The Himalayan kingdom of Bhutan recently shared a good news story announcing that its wild tiger population has increased by 27% from the first systematic survey in 2015.
The population has risen to 131 individuals from 103 following the National Tiger Survey 2021-2022 presentation. These new numbers were announced alongside never-before-seen camera trap footage and images of wild tigers.
The survey covered 85% of the country, and over 1,200 camera traps captured the wild tigers in Dagana and Pemagatshel national forests. The survey also identifies the major threats to tigers in Bhutan poaching, habitat loss, and human-wildlife conflict, and outlines strategies to mitigate them.

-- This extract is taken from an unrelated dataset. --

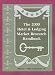 The 2000 Hotel & Lodging Market Research Handbook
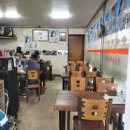 옛날전통순대 이미지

Dechen Dorji, Senior Director of Asia, Wildlife Conservation, WWF-US said: “This announcement marks another enormous milestone in tiger conservation efforts globally. Tigers are instrumental in maintaining the healthy forests, rivers, and streams we all depend upon, and Bhutan’s conservation success gives us hope.”

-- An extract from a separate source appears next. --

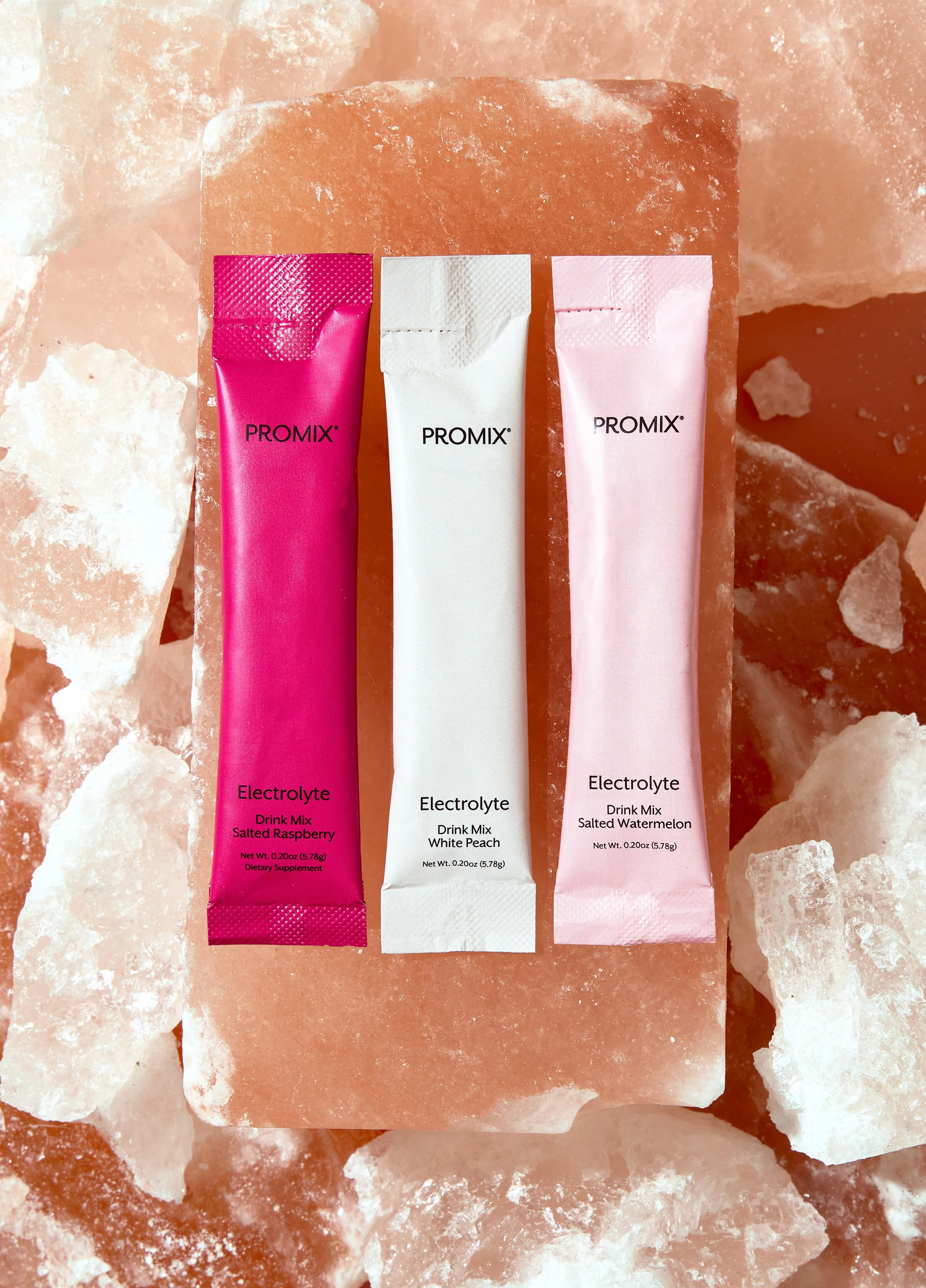 PROMIX_Raspberry_11.jpg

“Thanks to the dedicated efforts of countries and organisations, we are witnessing one of the most successful wild tiger recovery stories in recent history. The report serves as a call to action for continued efforts to protect tigers and their habitats for future generations.”
The positive increase in individual wild tiger numbers in Bhutan is the result of significant interventions in the last ten years to conserve the wild tiger population, including increased law enforcement, community-based tiger conservation programs, habitat improvement, and wildlife conflict management interventions.